Credit ratings agency Fitch has warned that sustained currency gains, not fully underpinned by strong assets, could destabilize credit markets in the near term. In the comments, the agency explained that currencies fully backed by safe assets are less risky for financial markets.
The agency offers individually backed US dollars (USDC) as an example of a fully supported and stable currency, but can the authorities still be concerned?
They warned that the trail can be global or systemic. Tether, on the other hand, holds 26.2% of its March 2021 reserves in cash, escrow deposits, repo agreements, and government bonds.
Fitch reported that Tether Trading Notes (CP) are valued at $ 20.3 billion. , or nearly 50% of reserves, probably more than most money market premium funds (MMFs) in the US and EMEA.
“The sudden massive disbursements of USDT will bring short-term stability to the credit markets, especially if they occur during periods of increased selling pressure in the CP market, and if the repayment of other stable foreign exchange reserves is strengthened. with similar assets.

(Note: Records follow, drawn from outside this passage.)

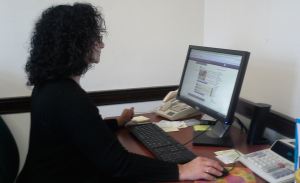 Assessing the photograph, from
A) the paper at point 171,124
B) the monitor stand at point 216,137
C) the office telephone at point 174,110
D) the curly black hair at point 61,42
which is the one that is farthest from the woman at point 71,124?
the office telephone at point 174,110

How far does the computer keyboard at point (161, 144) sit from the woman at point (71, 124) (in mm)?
100

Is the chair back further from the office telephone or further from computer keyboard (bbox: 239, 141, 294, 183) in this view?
computer keyboard (bbox: 239, 141, 294, 183)

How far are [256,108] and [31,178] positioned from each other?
101 cm

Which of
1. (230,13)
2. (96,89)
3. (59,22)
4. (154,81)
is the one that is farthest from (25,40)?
(230,13)

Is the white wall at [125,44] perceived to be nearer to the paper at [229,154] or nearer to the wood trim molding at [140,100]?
the wood trim molding at [140,100]

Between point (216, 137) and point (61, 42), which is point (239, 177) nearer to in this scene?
point (216, 137)

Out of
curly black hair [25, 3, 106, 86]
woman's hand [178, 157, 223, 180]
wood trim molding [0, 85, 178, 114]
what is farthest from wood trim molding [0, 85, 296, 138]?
curly black hair [25, 3, 106, 86]

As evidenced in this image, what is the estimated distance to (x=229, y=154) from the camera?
1.07 meters

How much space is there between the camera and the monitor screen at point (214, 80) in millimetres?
1066

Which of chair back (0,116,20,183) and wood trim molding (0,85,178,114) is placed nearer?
chair back (0,116,20,183)

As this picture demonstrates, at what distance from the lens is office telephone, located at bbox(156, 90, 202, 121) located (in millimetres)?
1515

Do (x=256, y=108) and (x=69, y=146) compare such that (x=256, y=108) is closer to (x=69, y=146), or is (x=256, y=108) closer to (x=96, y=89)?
(x=69, y=146)

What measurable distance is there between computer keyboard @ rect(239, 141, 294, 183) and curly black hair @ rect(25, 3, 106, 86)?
30.2 inches

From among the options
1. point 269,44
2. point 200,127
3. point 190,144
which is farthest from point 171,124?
point 269,44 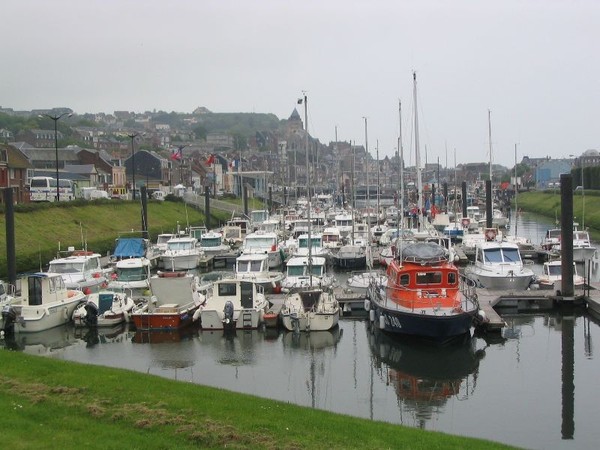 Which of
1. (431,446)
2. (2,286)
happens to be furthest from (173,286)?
(431,446)

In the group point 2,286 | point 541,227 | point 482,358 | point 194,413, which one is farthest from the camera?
point 541,227

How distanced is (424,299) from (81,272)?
74.6ft

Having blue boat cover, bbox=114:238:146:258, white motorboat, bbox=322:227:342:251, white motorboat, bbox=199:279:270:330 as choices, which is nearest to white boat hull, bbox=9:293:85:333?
white motorboat, bbox=199:279:270:330

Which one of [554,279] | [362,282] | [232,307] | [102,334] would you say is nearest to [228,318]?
[232,307]

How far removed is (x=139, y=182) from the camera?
14425 cm

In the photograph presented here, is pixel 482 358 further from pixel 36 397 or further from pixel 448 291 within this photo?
pixel 36 397

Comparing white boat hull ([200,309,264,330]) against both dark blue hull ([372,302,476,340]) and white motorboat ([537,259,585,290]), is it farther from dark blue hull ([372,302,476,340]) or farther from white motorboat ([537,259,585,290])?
white motorboat ([537,259,585,290])

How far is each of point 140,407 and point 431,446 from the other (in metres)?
6.43

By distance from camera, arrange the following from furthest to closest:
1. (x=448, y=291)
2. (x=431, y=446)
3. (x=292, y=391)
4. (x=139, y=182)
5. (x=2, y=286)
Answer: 1. (x=139, y=182)
2. (x=2, y=286)
3. (x=448, y=291)
4. (x=292, y=391)
5. (x=431, y=446)

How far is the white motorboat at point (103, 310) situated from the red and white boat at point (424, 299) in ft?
39.7

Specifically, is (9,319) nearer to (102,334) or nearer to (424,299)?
(102,334)

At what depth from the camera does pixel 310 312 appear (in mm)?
34125

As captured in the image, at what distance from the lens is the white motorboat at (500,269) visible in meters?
43.1

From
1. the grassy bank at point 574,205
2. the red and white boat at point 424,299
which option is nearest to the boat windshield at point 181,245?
the red and white boat at point 424,299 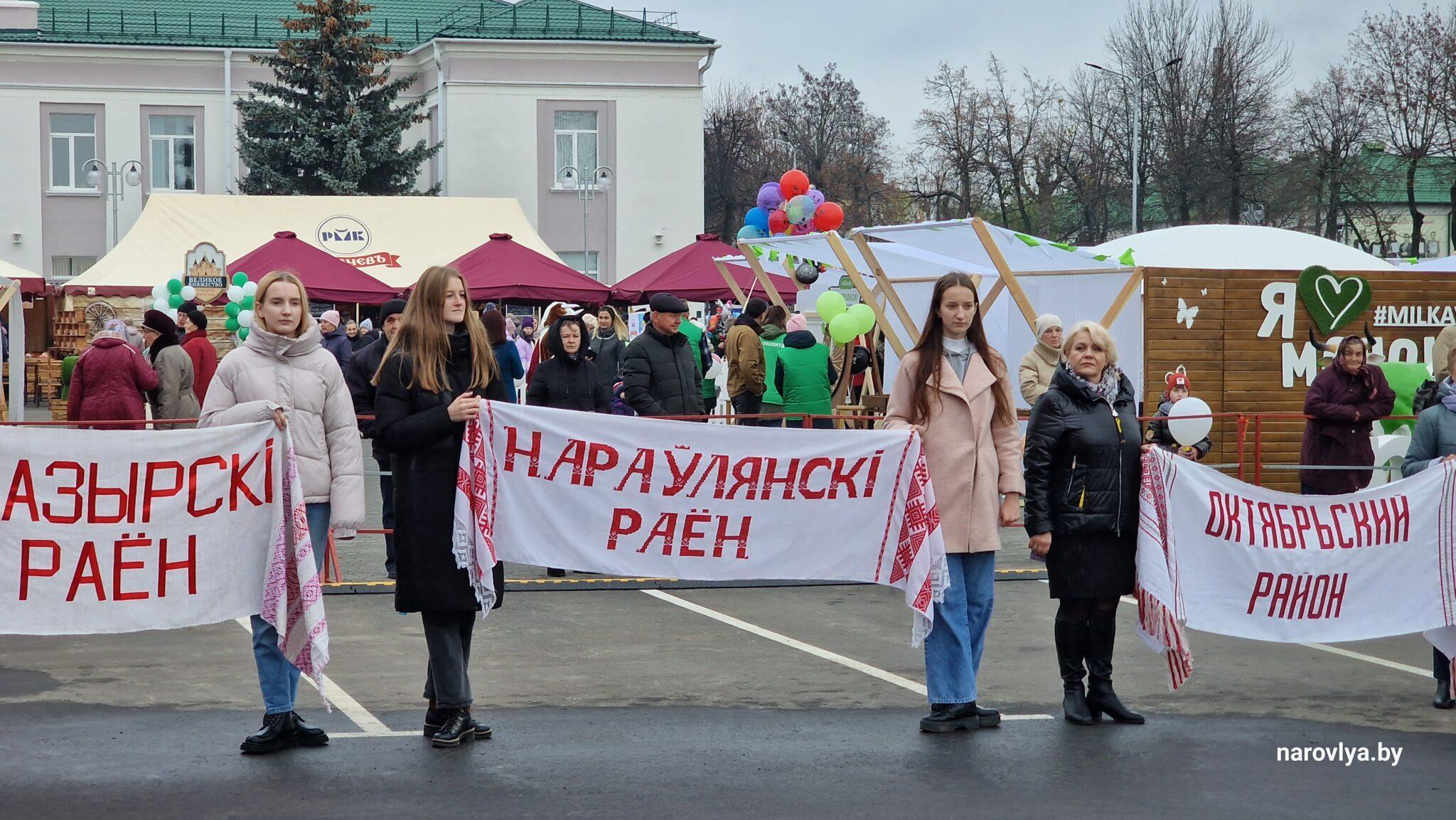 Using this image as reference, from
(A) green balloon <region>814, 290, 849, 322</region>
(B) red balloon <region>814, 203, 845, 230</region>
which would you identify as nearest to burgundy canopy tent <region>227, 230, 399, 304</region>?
(B) red balloon <region>814, 203, 845, 230</region>

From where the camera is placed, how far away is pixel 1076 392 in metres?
7.07

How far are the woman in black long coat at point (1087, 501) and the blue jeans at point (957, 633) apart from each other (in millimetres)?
279

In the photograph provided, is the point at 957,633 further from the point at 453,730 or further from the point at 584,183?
the point at 584,183

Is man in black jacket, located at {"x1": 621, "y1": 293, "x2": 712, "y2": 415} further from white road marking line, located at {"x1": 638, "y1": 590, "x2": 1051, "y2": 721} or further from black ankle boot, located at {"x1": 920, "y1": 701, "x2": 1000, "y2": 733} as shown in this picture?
black ankle boot, located at {"x1": 920, "y1": 701, "x2": 1000, "y2": 733}

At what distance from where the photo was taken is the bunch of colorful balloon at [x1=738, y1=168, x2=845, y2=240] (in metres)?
21.6

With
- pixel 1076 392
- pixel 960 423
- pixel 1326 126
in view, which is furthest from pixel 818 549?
pixel 1326 126

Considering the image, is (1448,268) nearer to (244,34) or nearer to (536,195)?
(536,195)

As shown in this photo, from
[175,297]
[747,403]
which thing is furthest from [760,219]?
[747,403]

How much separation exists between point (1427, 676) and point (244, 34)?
44.3 m

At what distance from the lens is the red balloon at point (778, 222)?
22734 mm

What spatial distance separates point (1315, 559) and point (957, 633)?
6.33 feet

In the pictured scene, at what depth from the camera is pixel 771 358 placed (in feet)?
46.3

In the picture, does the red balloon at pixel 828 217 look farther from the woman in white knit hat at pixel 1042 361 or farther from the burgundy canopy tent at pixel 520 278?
the woman in white knit hat at pixel 1042 361

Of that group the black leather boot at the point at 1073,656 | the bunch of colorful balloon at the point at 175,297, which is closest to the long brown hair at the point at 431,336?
the black leather boot at the point at 1073,656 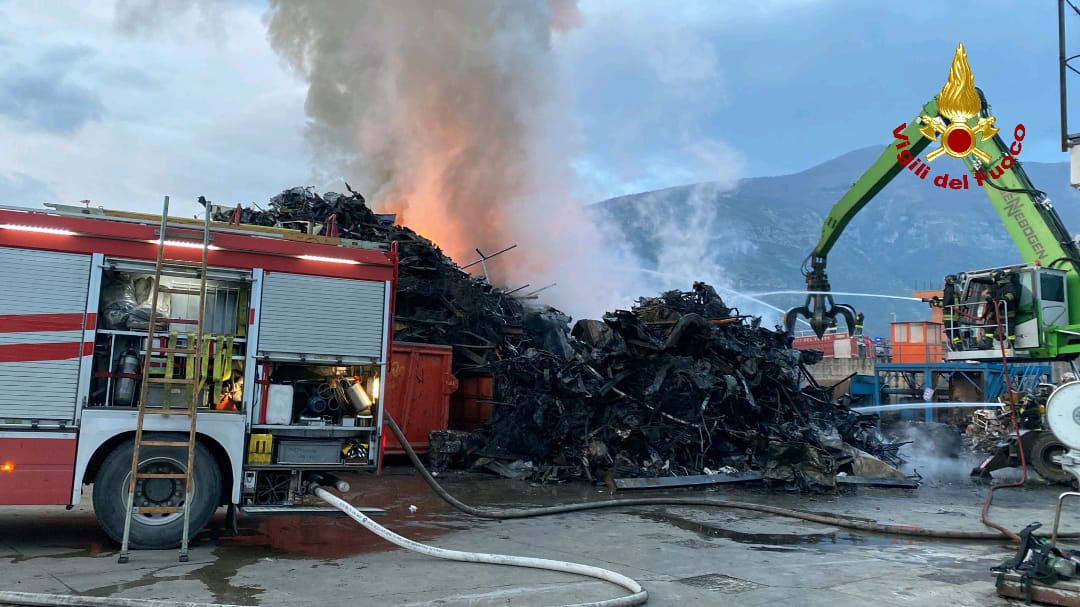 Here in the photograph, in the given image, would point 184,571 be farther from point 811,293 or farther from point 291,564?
point 811,293

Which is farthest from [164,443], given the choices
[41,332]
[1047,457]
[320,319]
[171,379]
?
[1047,457]

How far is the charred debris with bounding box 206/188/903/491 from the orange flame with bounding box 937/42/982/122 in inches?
227

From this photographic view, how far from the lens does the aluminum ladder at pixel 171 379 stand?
6.86m

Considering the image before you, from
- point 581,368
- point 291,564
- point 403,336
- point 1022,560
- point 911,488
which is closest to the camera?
point 1022,560

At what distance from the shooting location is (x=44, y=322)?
7086mm

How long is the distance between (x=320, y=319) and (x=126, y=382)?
187 centimetres

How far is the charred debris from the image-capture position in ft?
44.1

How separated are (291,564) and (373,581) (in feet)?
3.30

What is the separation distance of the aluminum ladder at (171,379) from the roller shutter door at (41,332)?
24.2 inches

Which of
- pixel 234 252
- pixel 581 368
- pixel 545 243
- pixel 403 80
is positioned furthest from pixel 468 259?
pixel 234 252

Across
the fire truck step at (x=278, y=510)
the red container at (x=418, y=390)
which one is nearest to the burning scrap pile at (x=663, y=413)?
the red container at (x=418, y=390)

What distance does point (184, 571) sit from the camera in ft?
21.2

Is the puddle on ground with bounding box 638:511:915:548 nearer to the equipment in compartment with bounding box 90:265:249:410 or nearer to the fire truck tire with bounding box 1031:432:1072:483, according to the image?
the equipment in compartment with bounding box 90:265:249:410

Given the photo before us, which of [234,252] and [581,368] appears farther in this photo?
[581,368] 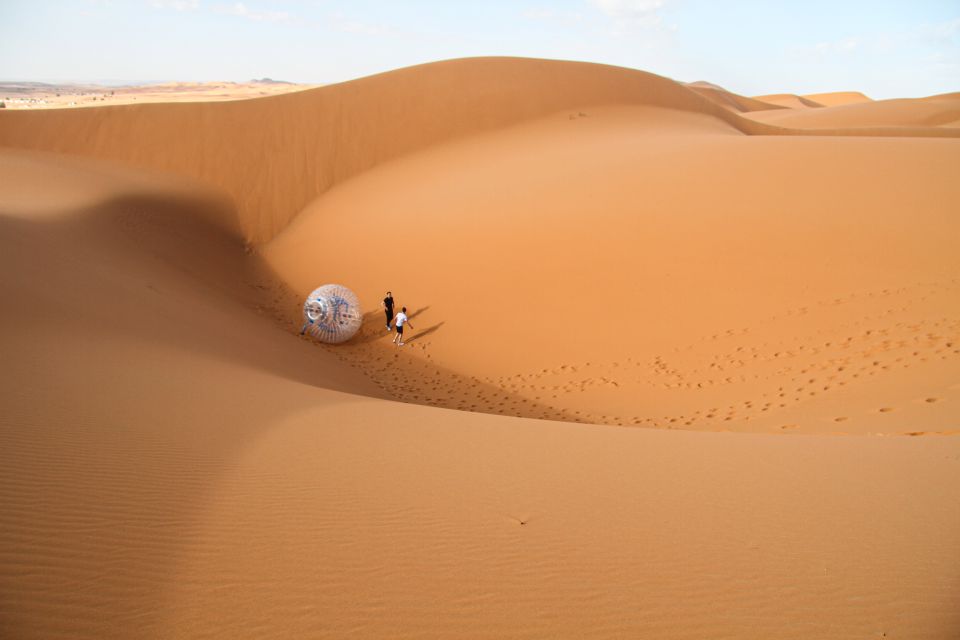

“Facebook-backed Diem Stablecoin is another example that Fitch uses to illustrate regulation. Diem proposes to have 80% Treasury reserves and 20% FMM in short-term Treasury bonds.
Companies like Diem may tighten rules on steel coins and that “the potential risk of asset pollution from liquidating stable foreign exchange reserves could put pressure on tightening regulation in the emerging sector,” the note said.
Fitch is aware of warnings from US regulators that companies with asset allocations similar to Tether may not remain volatile if short-term credit spreads widen significantly.
This is in stark contrast to the way stablecoins are typically traded added Fitch analysts. Last month, Eric Rosengren, chairman of the Boston Federal Reserve Bank, expressed concern about the exponential growth of steel coins.
“I think we need to look more closely at the potential for disruptions in the short-term loan market over time. A stable portfolio is definitely one thing, ”he said.